Volumes, Lorenz-like templates, and braids

TL;DR

This paper simplifies the classification of links in the 3-sphere by introducing a new braid description using generalized T-links, and provides volume bounds for related 3-manifolds.

Contribution

It offers a new braid description for links in the 3-sphere via generalized T-links and extends algorithms to construct links in Lorenz-like templates.

Findings

Provides a quadratic upper volume bound in terms of trip number.

Establishes an upper bound for the sum of volumes of hyperbolic 3-manifolds.

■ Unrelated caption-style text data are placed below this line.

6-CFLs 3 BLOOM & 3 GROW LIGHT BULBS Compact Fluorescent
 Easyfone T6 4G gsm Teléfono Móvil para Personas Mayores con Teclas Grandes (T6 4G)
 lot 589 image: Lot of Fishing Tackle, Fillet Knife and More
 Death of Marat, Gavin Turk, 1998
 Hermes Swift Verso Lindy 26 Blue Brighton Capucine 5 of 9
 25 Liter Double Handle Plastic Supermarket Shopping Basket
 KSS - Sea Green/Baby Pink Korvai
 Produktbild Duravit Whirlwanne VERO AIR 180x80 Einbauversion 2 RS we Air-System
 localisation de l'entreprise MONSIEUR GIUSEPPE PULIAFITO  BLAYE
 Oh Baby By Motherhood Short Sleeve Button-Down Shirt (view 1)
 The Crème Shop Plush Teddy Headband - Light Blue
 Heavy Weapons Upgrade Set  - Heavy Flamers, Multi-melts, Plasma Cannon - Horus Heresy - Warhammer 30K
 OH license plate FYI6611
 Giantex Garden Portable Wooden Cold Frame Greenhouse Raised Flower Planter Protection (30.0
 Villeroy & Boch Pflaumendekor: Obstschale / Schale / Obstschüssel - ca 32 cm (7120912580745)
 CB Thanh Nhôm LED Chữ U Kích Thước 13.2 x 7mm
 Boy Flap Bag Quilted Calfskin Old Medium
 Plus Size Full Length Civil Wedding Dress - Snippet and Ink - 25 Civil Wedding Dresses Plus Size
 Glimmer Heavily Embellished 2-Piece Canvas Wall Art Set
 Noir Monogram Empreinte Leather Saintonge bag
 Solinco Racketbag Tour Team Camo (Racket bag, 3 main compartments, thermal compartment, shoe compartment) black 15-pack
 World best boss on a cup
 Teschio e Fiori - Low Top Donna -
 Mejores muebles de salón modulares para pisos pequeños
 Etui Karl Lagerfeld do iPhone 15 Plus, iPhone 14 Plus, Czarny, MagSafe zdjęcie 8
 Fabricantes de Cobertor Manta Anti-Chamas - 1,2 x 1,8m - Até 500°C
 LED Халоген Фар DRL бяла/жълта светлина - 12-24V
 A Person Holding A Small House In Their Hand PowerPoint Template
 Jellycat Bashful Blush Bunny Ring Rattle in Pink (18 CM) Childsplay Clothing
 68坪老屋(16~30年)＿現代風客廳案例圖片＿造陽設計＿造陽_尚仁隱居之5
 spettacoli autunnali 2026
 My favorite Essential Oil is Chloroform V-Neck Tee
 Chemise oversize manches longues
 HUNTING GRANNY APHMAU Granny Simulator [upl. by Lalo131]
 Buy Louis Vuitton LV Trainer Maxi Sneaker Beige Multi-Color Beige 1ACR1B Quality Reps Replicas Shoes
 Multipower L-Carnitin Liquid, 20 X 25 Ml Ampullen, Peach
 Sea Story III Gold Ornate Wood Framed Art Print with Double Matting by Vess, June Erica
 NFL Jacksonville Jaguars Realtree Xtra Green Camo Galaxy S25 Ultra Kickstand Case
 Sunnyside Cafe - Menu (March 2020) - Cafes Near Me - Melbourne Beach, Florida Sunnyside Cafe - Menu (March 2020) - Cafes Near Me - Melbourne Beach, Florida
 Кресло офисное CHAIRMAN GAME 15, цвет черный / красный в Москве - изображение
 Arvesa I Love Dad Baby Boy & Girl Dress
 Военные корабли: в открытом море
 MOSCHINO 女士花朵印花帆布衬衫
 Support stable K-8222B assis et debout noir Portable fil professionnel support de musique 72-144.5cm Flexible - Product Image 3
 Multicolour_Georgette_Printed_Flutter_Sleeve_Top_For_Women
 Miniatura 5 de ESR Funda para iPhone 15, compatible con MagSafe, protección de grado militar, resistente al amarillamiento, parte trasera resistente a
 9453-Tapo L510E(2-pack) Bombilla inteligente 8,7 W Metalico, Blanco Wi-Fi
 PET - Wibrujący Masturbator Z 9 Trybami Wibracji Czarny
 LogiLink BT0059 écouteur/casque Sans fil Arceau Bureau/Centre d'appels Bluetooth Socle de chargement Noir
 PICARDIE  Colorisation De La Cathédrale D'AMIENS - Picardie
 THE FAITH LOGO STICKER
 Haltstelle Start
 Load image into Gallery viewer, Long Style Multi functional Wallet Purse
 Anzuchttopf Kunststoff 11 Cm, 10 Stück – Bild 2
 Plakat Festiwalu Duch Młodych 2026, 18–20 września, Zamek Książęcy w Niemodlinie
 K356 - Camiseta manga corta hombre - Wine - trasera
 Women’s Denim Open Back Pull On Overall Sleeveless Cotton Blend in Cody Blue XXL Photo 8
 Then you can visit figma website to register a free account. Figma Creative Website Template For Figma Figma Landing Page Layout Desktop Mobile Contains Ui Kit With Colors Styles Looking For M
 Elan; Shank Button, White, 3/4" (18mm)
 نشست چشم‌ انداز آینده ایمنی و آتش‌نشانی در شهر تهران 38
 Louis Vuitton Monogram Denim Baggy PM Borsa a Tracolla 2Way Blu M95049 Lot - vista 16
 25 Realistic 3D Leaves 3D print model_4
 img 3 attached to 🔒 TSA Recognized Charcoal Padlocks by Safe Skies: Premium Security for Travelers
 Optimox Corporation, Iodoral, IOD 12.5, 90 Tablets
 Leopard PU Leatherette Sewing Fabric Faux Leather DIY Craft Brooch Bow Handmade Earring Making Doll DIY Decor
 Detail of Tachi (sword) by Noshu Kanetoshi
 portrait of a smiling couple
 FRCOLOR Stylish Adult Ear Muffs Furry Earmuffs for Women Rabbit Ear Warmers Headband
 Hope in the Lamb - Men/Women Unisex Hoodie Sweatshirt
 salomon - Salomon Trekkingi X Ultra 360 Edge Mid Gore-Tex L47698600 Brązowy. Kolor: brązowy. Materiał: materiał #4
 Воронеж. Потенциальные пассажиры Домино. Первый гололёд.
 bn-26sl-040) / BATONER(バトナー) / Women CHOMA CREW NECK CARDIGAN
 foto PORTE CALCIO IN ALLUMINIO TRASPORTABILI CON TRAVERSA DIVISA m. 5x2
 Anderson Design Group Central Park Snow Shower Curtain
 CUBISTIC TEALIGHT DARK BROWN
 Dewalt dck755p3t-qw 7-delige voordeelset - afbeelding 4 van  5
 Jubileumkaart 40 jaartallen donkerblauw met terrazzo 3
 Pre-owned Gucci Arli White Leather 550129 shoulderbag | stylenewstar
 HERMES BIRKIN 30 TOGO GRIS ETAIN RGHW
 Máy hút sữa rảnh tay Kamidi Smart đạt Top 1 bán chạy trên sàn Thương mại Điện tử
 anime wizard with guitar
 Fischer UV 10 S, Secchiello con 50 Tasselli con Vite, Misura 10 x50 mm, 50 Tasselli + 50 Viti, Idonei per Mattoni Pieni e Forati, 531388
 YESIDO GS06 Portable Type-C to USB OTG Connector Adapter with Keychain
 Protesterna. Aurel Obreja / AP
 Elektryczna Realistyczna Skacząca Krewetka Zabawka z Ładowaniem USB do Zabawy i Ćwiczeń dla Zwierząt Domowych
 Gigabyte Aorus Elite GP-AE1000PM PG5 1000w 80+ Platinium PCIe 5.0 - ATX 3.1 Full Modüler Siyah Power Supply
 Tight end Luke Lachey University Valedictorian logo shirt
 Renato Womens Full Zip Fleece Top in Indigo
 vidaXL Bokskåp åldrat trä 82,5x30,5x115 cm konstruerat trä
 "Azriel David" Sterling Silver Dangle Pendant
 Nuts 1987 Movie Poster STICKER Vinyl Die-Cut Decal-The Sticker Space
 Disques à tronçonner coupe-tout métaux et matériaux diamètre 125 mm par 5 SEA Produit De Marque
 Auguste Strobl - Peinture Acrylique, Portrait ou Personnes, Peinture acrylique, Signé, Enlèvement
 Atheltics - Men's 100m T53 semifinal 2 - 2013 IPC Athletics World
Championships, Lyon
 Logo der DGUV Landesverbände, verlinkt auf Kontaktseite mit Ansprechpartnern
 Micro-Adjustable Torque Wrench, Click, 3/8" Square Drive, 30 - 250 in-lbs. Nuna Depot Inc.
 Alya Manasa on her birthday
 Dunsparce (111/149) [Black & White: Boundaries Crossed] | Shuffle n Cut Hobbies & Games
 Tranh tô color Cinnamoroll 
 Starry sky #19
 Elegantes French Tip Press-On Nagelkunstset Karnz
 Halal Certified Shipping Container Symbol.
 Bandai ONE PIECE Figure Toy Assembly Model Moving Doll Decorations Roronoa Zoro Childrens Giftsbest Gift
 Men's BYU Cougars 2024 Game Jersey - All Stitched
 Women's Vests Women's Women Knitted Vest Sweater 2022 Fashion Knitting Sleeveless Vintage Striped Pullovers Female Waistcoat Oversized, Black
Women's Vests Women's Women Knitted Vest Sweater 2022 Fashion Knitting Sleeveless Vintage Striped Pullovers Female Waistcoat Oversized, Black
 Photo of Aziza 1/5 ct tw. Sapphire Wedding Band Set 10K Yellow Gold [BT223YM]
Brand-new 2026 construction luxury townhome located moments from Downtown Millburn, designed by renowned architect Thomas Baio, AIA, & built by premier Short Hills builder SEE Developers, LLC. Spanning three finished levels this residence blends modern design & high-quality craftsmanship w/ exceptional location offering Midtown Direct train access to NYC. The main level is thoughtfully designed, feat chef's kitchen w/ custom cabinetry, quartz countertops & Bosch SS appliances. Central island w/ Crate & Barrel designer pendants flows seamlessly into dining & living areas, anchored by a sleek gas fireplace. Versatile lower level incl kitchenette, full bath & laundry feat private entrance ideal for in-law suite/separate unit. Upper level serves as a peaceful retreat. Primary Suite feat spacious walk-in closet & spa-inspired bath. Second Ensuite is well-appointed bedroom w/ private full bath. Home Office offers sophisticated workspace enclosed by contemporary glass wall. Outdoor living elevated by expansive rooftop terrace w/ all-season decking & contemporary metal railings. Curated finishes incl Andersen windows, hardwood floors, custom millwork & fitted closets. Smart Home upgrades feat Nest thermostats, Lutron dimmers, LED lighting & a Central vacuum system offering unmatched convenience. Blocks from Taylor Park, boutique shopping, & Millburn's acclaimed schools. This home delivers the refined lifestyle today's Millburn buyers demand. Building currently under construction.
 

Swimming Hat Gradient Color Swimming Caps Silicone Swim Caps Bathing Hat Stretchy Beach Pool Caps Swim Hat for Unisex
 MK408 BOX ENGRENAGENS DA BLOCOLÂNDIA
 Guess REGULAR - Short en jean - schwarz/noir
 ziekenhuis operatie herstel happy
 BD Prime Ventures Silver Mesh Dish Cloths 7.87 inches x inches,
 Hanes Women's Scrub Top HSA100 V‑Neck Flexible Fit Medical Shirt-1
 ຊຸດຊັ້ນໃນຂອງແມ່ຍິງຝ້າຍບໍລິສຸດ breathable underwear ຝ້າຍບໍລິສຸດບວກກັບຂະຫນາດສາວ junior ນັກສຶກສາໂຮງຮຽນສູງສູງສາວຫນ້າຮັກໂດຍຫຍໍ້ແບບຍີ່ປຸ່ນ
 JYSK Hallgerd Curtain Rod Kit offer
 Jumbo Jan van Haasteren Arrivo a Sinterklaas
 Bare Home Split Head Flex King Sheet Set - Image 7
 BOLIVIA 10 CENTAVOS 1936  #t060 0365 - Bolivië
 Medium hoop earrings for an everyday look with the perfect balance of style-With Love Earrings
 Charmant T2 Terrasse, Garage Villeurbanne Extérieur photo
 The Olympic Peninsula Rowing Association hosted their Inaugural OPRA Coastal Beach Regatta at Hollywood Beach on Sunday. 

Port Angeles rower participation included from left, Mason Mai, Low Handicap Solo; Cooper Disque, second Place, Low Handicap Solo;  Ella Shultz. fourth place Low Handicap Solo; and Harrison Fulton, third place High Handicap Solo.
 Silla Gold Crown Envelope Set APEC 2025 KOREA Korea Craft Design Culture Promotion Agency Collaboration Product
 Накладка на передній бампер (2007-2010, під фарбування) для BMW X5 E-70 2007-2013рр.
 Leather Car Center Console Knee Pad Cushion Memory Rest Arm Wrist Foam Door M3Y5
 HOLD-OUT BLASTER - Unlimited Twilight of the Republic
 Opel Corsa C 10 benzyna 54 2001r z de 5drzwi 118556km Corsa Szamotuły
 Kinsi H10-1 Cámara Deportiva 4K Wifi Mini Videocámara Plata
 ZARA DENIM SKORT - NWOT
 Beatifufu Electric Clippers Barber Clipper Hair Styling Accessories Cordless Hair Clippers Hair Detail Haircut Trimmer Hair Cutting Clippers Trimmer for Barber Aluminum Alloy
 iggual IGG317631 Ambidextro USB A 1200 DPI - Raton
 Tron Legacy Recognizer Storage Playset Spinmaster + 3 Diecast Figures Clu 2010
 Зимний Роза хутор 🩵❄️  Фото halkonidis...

Simplifies link classification in the 3-sphere using generalized T-links.

Abstract

In this paper, we find a more straightforward problem that is equivalent to one of the major challenges in knot theory: the classification of links in the 3-sphere. More precisely, we provide a simpler braid description for all links in the 3-sphere in terms of generalised T-links. With this, we translate the problem of classifying links in the 3-sphere into a problem of counting the number of generalised T-links that represent the same link. Generalised T-links are a natural generalisation of twisted torus links and Lorenz links, two families of links that have been extensively studied by many people. Moreover, we generalise the bunch algorithm to construct links embedded in universal Lorenz-like templates and provide an upper volume bound that is quadratic in the trip number. We use the upper bound obtained from the generalised bunch algorithm for generalised T-links to establish an upper bound for the sum of the volumes of the hyperbolic pieces of all closed, orientable, connected 3-manifolds.